▶ [DATA SECTION]
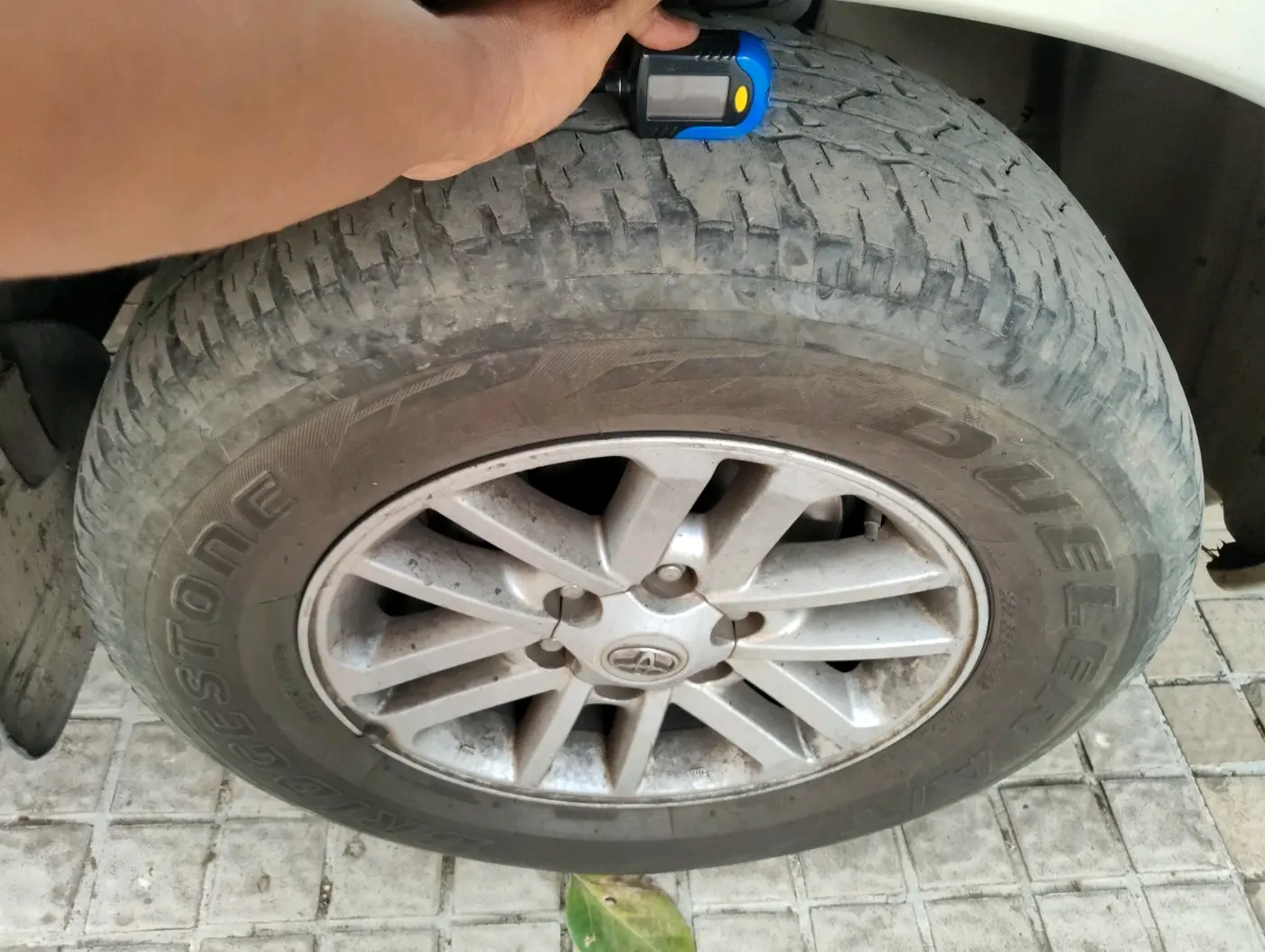 2012 Toyota Fortuner 3.0 4X2 MT, Diesel, Manual, 1,95,764 km, tyre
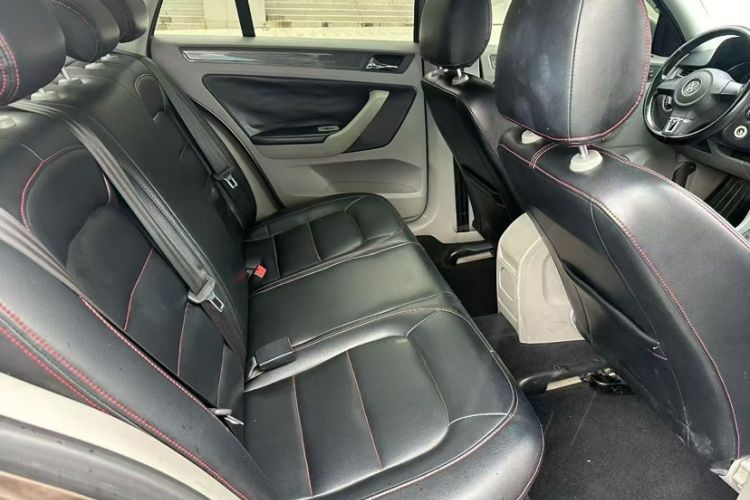 Used Volkswagen Bora 2015 Qihui Edition 1.6L Automatic Fashion Model Exterior 8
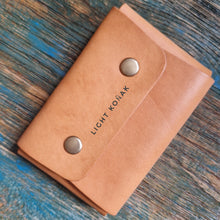Load image into Gallery viewer, vegetable tanned leather, blue leather, nature leather, sustainable wallet, leather wallet, blue mini pene, blue wallet, modra trislocinena, trislocinena kuze, trislocinena, mini pene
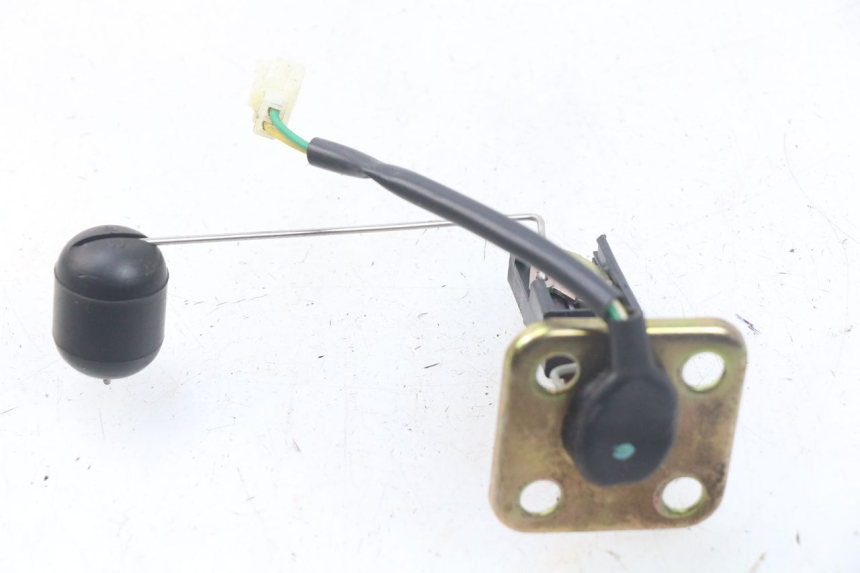 photo de JAUGE RESERVOIR ESSENCE SYM ORBIT 2 4T 50 (2018 - 2022) - Détail de la pièce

▶ [DIRECTIONS]
The lines wanted are those from the start of the material above through the line with "Used Volkswagen Bora", both included; print them exactly and skip any picture.

▶ [WORKED SOLUTION]
 2012 Toyota Fortuner 3.0 4X2 MT, Diesel, Manual, 1,95,764 km, tyre
 Used Volkswagen Bora 2015 Qihui Edition 1.6L Automatic Fashion Model Exterior 8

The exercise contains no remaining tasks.